WRITING OBSTACLE

How would you describe silence?

Think about which senses you can use to describe the sound, and feeling, of silence.

Silence 🤐

Silence is golden some people say.

Silence: my voice, my trauma, my pain.

Silence, was death slowly washing over me.

Silence as I no longer looked in front of me, but

down into the black void swallowing me.


Silence, a response to the extreme daily bullying I experienced for 9 years.

This with other major traumas led to, Regression, Disassociation, and eventually Catatonia .

No one took the time to truly just listen, or act on what I bravely told them, as a child. Instead they pretended it wasn’t real. This also left me open for future predators, and there has been a lifetime of them.

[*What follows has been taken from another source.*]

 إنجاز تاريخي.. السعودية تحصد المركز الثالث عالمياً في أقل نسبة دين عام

Then , they turned around and blamed a 9 year old for not

explaining what was wrong? The hospital convinced you to try tough love after I was already being abused. Then as they tortured me horribly with sleep deprivation, solitary confinement, strip searches etc…..you were unaware. Decades passed before we’d truly discuss the hell that happened there. And it was a small talk compared to what I went through.

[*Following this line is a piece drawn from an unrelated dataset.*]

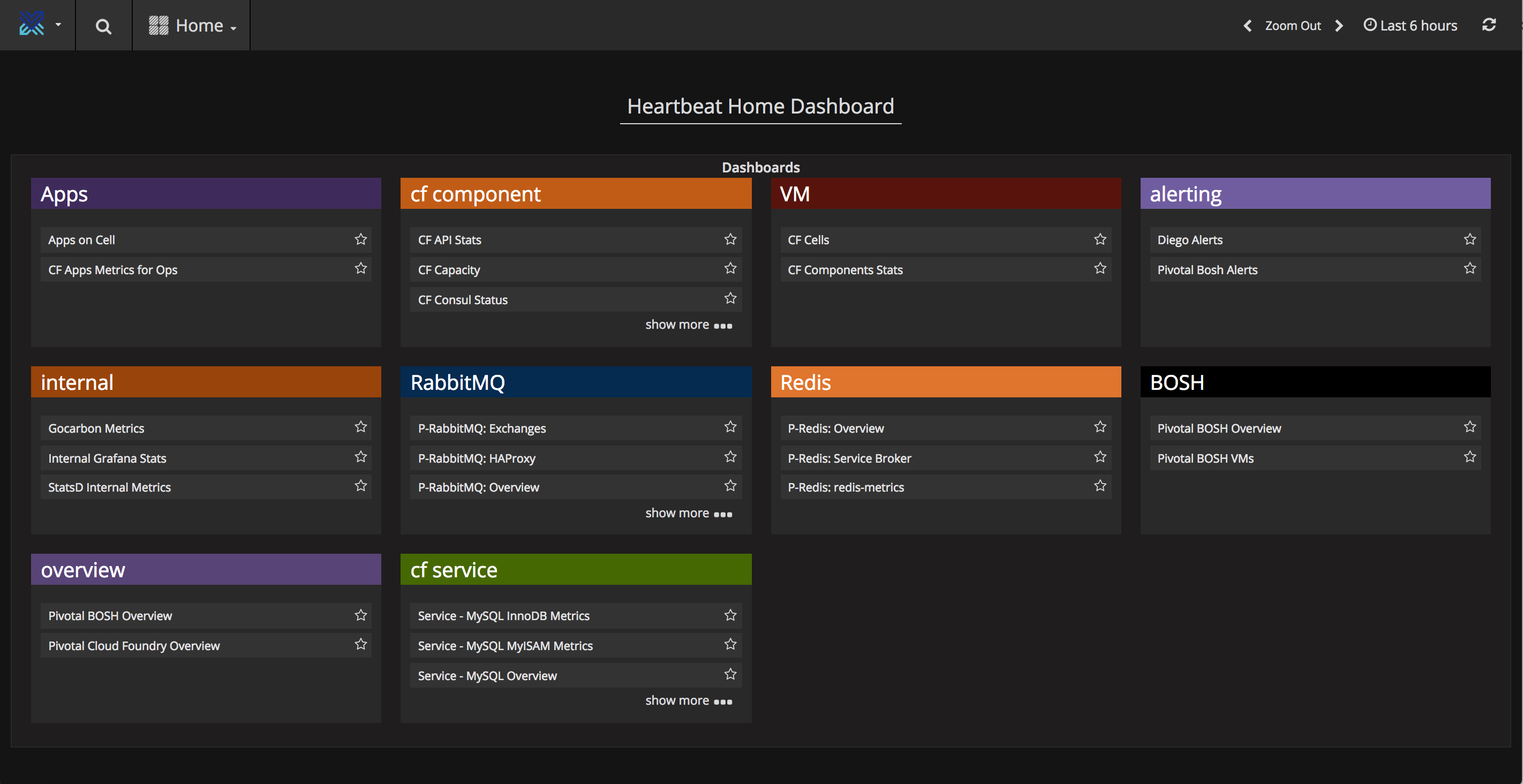 Cloud Foundry-Heartbeat-logging-monitoring-dashboard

Silence, turned into treatment Resistant Major Depression. ( I still have today) & C-PTSD.

Sometimes SILENCE SPEAKS for itself. It’s LOUDER than any words could ever say!

Silence, I was almost DEAD -why did it take YOU so long to find ME? I was screaming in a million different ways. I told you what was happening and still you did nothing!

Silence is biting my tongue with all the words and feelings I couldn’t say.


Silence ended for the most part, when you and I changed.

Silence, let it open up our hearts and our souls. Let it drain the

toxicity & pain from us both forever. Renew our love and give us a brand new start. Let God’s blessings flow through us and the water wash away our tears, pain, wounds and bad memories.


I hate to repeat it ,but I pray someone can learn from it.

Silence can be truly beautiful if it’s your choice. But if you

see something, say something, be brave for the voiceless! It very well might just save a life.